I figli di Martin Luther King:
"Nostro padre?
Lo ricordano solo per 'I Have A Dream',
ma lui non era un sognatore.
Era un rivoluzionario"


Militanza, fatti, non utopie. "L'istinto a rileggere Martin Luther King attraverso le lenti della non violenza e del sogno rischia di adombrare i messaggi politici più radicali negli ultimi comizi", osserva Wornie Reed, alla guida del Race and and Social Policy Center at Virginia Tech. "E di sottovalutare altri aspetti. King era pronto a rinunciare alla sua stessa vita per i poveri". E infatti nel 1966 si era trasferito in uno slum degradato, ai margini della città, per accendere i riflettori sul problema della povertà, e prima che un colpo di fucile alla testa lo uccidesse in quell'albergo di Memphis stava organizzando la "Campagna per i poveri", la marcia su Washington: voleva portare tremila famiglie indigenti nella capitale per un sit in permanente fino a quando il Congresso non avesse approvato una legge contro la povertà. Un accampamento a oltranza, una baraccopoli da mettere sotto gli occhi dell'America riluttante.
(fonte: Huff Post)
Martin Luther King, figlia:
“Nostra madre ci disse di non odiare l’assassino”

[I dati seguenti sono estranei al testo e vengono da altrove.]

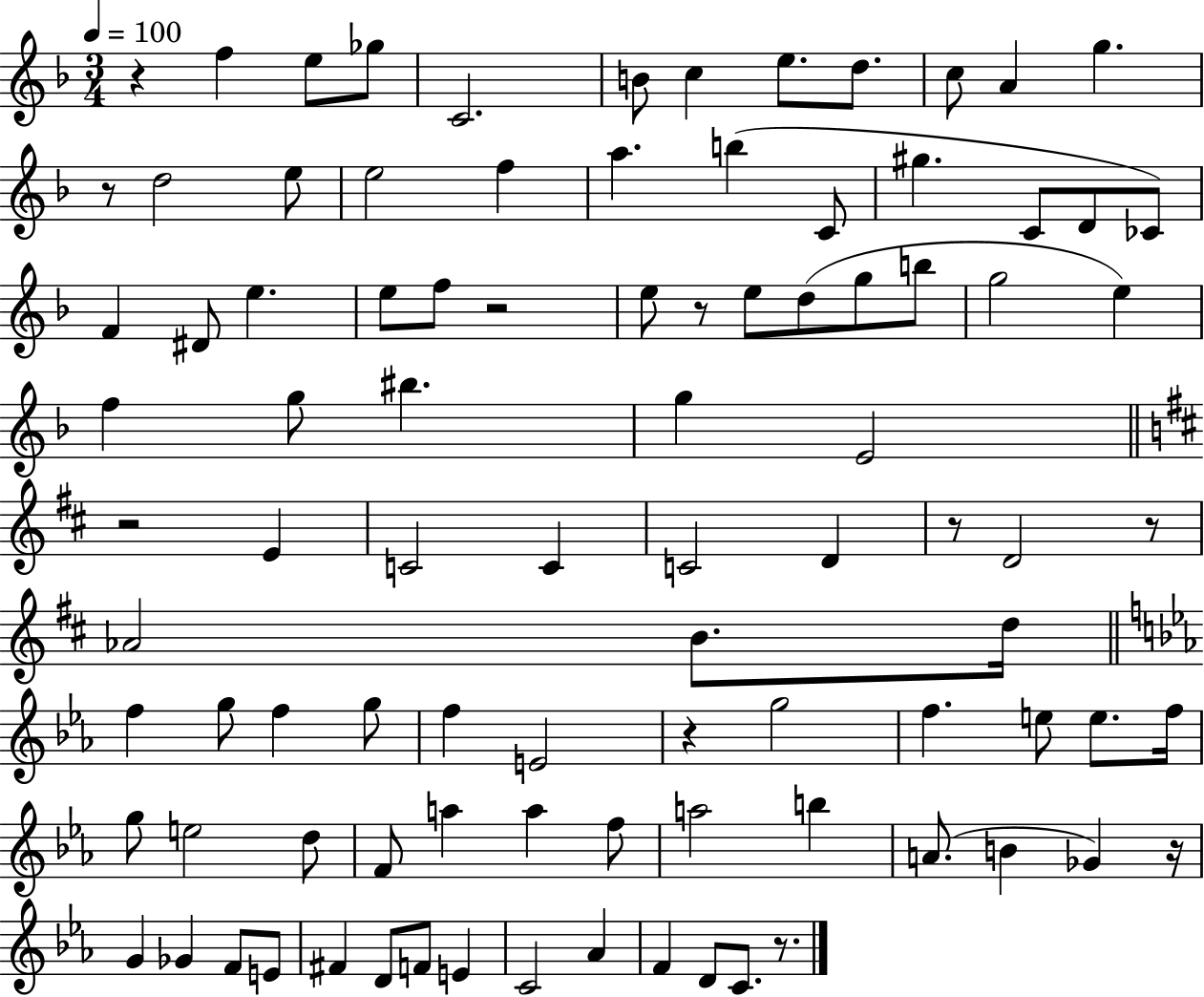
R/q F5/q E5/e Gb5/e C4/h. B4/e C5/q E5/e. D5/e. C5/e A4/q G5/q. R/e D5/h E5/e E5/h F5/q A5/q. B5/q C4/e G#5/q. C4/e D4/e CES4/e F4/q D#4/e E5/q. E5/e F5/e R/h E5/e R/e E5/e D5/e G5/e B5/e G5/h E5/q F5/q G5/e BIS5/q. G5/q E4/h R/h E4/q C4/h C4/q C4/h D4/q R/e D4/h R/e Ab4/h B4/e. D5/s F5/q G5/e F5/q G5/e F5/q E4/h R/q G5/h F5/q. E5/e E5/e. F5/s G5/e E5/h D5/e F4/e A5/q A5/q F5/e A5/h B5/q A4/e. B4/q Gb4/q R/s G4/q Gb4/q F4/e E4/e F#4/q D4/e F4/e E4/q C4/h Ab4/q F4/q D4/e C4/e. R/e.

“Avevo solo 5 anni, quando arrivò la notizia dell’assassinio stavo dormendo. Mia sorella Jolanda e mio fratello Martin invece la sentirono alla televisione. Jolanda chiese a mia madre: ‘Devo odiare la persona che ha ucciso mio padre?’. E lei rispose subito ‘no’”. Così Bernice Albertine King, figlia minore di Martin Luther King, in un’intervista di Pierluigi Vito per il Tg2000, il telegiornale di Tv2000, in occasione dei 50 anni dall’assassinio del padre a Memphis ha ricordato quei tragici momenti vissuti dalla famiglia il 4 aprile 1968. “Il giorno dopo, il 5 aprile, - ha proseguito Bernice - mia madre andò a prendere il corpo di mio padre a Memphis. E lei, tornando ad Atlanta, si rese conto sull’aereo (dove ci aveva portato con sé) che a me non aveva ancora detto niente. Allora mi prese da una parte e mi disse: ‘Tuo papà è andato a vivere con Dio e non potrà più parlare con te’”. “Quando avevo sedici anni – ha aggiunto Bernice - guardando il documentario ‘Montgomery to Memphis’ davanti alle immagini del funerale di mio padre cominciai a piangere per la prima volta. E piansi per due ore. Mi resi conto davvero di cosa mio padre aveva provato a fare. Credo che quello sia stato il mio primo vero momento di consapevolezza”. “La nostra famiglia – ha sottolineato Bernice - è stata chiamata alla lotta per la libertà. Mio padre, chiaramente, nel ruolo di pastore e di profeta. Ogni cosa che lui ha fatto era radicata in questo: ogni sermone pronunciato, ogni messaggio lanciato, tutto era fondato sulla Bibbia. Anche se utilizzava testi liberali, lo spirito di ogni suo messaggio veniva dalla sua fede cristiana. Era molto religioso, pregava tanto. Nostra madre ha instillato in noi figli il valore della fede, della preghiera, della dedizione a Cristo”. “Sento che ogni lavoro che faccio – ha concluso Bernice - è una chiamata di Dio. Credo che mio padre questo lo comprendesse molto bene. Per questo quando la sua fede divenne motivo di contrapposizione lui riuscì ad essere il più coraggioso. Perché sentiva che Dio era con lui e per lui. E anche quando nessuno lo capiva lui voleva essere sicuro che ciò che faceva fosse coerente con la volontà di Dio. Lo stesso accadeva per mia madre. E lo stesso vale per me”.